Koninklijk huis 8 september 1999

Zie ook: Nederland-Argentinië

De vriendschap van de troonopvolger

Door Bea Versteeg
Premier Kok praat met enige regelmaat met prins Willem-Alexander. Vorige week kwam tussen de twee, zoals bekend, de vriendschap van de troonopvolger met Maxima Zorrequieta aan de orde. Een gesprek dat voor beide partijen duidelijkheid schept.

De prins weet dat een vriendschap staatsrechtelijke gevolgen kan krijgen die buiten zijn persoonlijke levenssfeer liggen. Premier Kok heeft de politieke verantwoordelijkheid op zich genomen. Niet alleen voor het bestaan van die vriendschap maar ook voor het eventuele vervolg. Dat kan een bruiloft zijn.

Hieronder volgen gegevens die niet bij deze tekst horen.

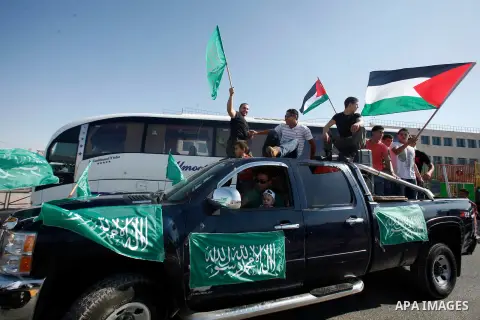 Palestinians celebrate after the Israeli authorities released prisoner Aws Ibrahim Hamada in neighborhood of Sour Baher in Jerusalem on Aug 13, 2012. Hamada spent 10 years in prison before the Israeli authorities release...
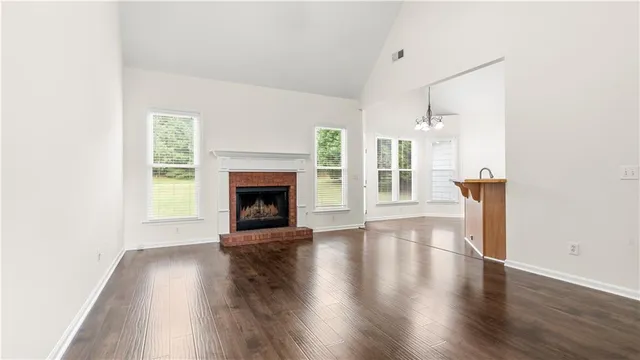 a view of a livingroom with wooden floor and a fireplace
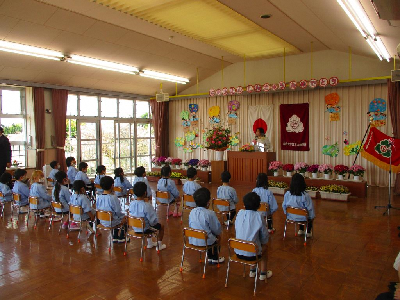 進級式で園長先生の話を聞く園児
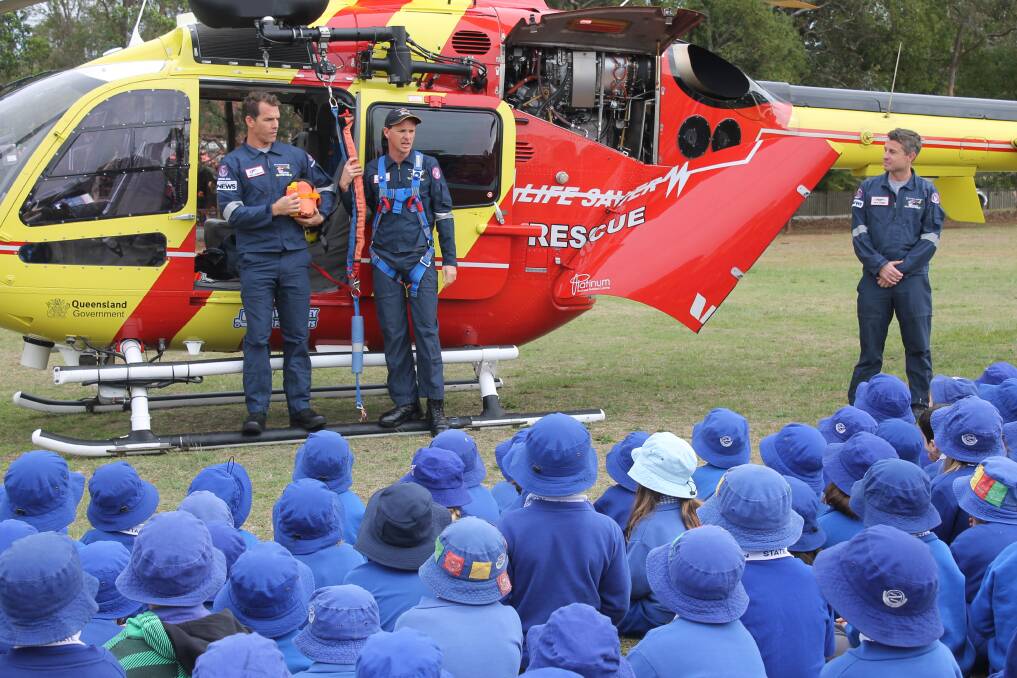ORMISTON VISIT: The pilot and crew talk to students at Ormiston State School about their work on the Westpac Lifesaver Rescue Helicopter. Photo: Cheryl Goodenough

Een vorstelijk huwelijk organiseren is geen sinecure, dat is in het verleden wel gebleken. Bijvoorbeeld bij het huwelijk van toen nog prinses Beatrix en prins Claus. Het kabinet-Cals hield vast aan zijn besluit de voltrekking in Amsterdam te laten plaatsvinden. Het gemor in de hoofdstad bracht wijlen premier Cals niet op andere gedachten. Zelfs het voorstel van het paar om maar in Baarn in de echt te treden, deed dat niet.

Achteraf betreurde Cals zijn vasthoudendheid, maar toen was het al te laat. De dag, 10 maart 1966, was voor het paar ontsierd door rookbommen en rellen. Het deed prins Claus later opmerken dat hij met veel meer plezier aan 11 maart 1966 terugdacht.

Sinds de introductie van de constitutionele monarchie in Nederland in 1848 hebben meer politici zich met de vriendschappen van leden van het Koninklijk Huis bemoeid. Bij sommigen ging het verder dan alleen een gesprek waarin de vriendschap werd bevestigd.

In 1877 praatte de minister van Justitie, Baron van Lynden, koning Willem III een huwelijk uit zijn hoofd. Koningin Sophie, van wie hij sinds 1855 gescheiden van tafel en bed leefde, was kort daarvoor overleden. Niet de snelheid waarmee Willem III zich op het huwelijkspad stortte, maar de dame van zijn keuze kon niet op de instemming van het kabinet rekenen. De koning had zijn oog laten vallen op de Franse operazangeres Eleonore d'Ambre. Van Lynden wist Willem III ervan te overtuigen dat „de eer des Konings en het prestige van het Koninklijk Huis dreigen te lijden te krijgen.” De koning zag daarop af van zijn voornemen.